Work order: An exact copy is all that is wanted: the lines from the one with "Turquoise butterflies Poster" through the end of the listing below, both included, minus any pictures.
(The input begins)
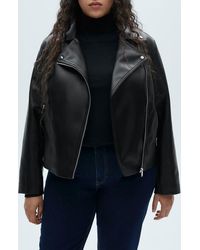 Mango - Faux Leather Moto Jacket - Lyst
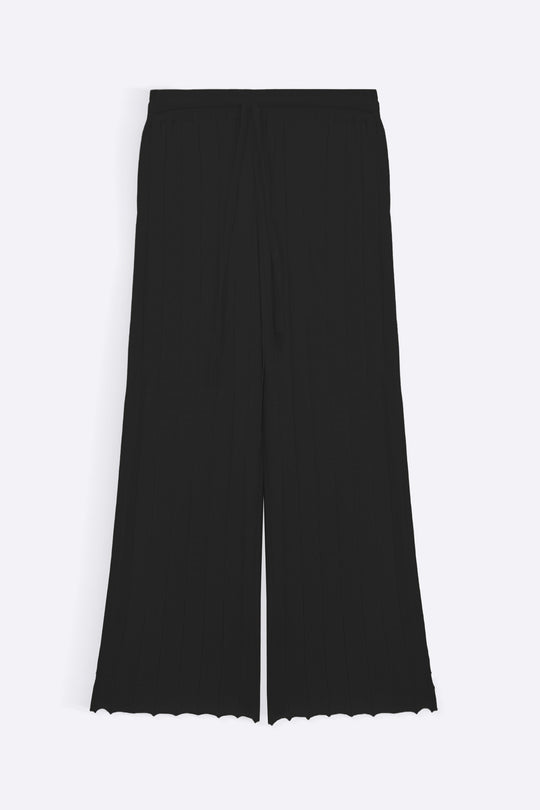 RIB-KNIT STRAIGHT PANTS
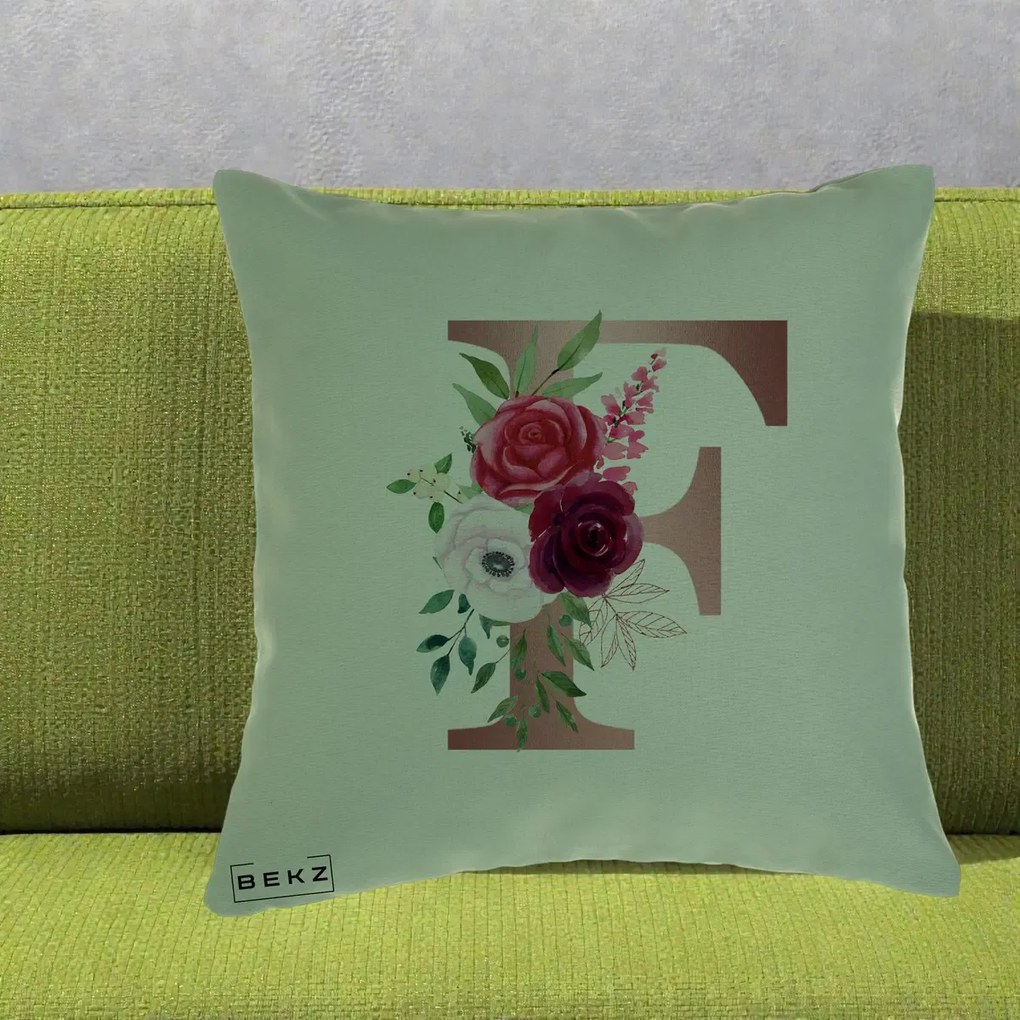 Cadou Personalizat - Perna Personalizata Monograma Rose Gold Litera F, 40x40 cm, Verde, Husa Detasabila, Perna Inclusa, BEKZ®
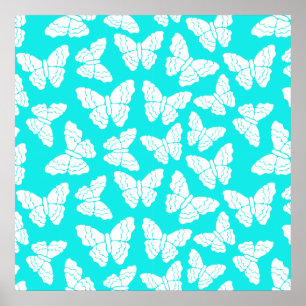 Turquoise butterflies Poster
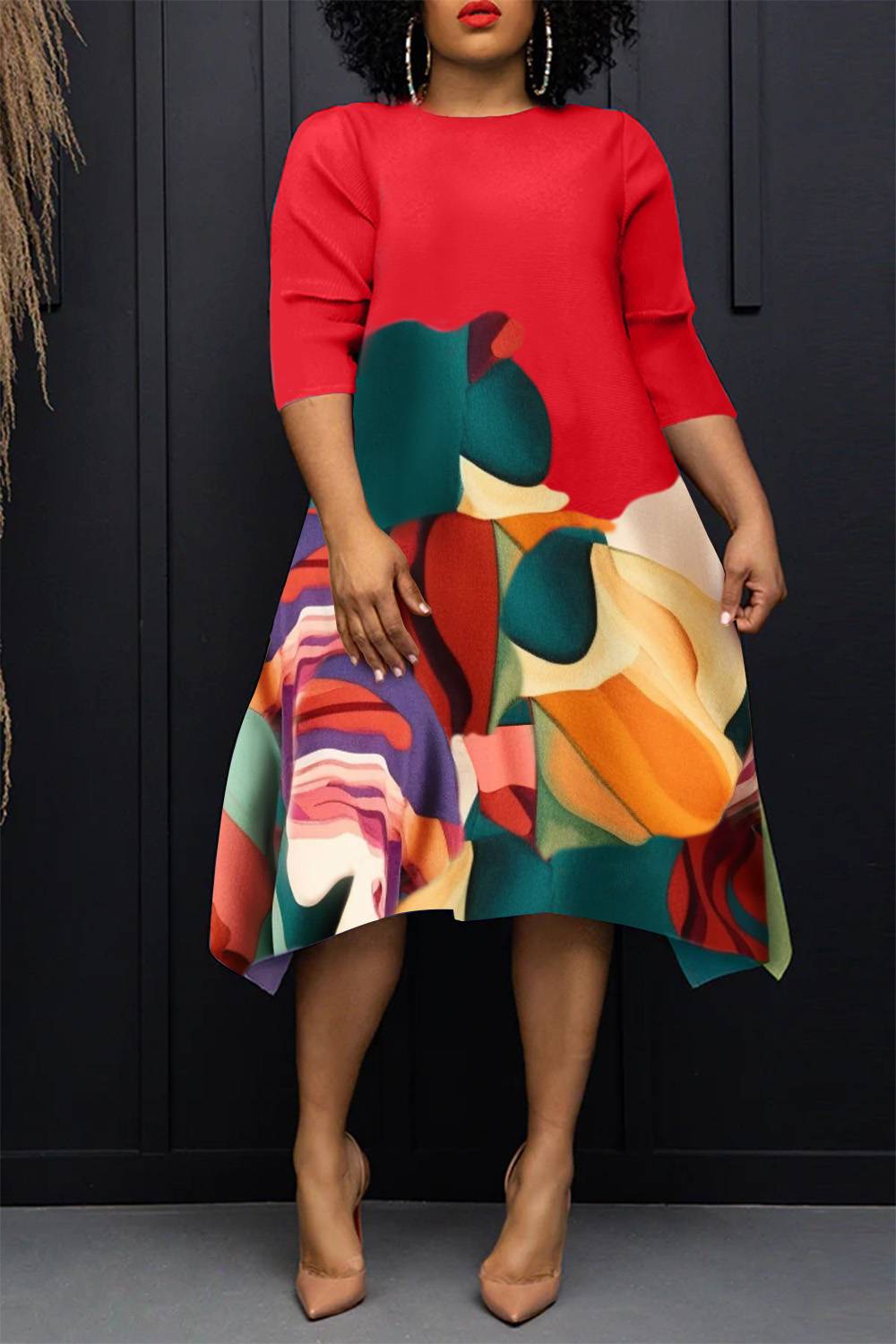 Plus Size Casual African Dress Red Round-Neck All Over Print Asymmetrical Hem Midi Dress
(The input ends)
Answer to this problem:
 Turquoise butterflies Poster
 Plus Size Casual African Dress Red Round-Neck All Over Print Asymmetrical Hem Midi Dress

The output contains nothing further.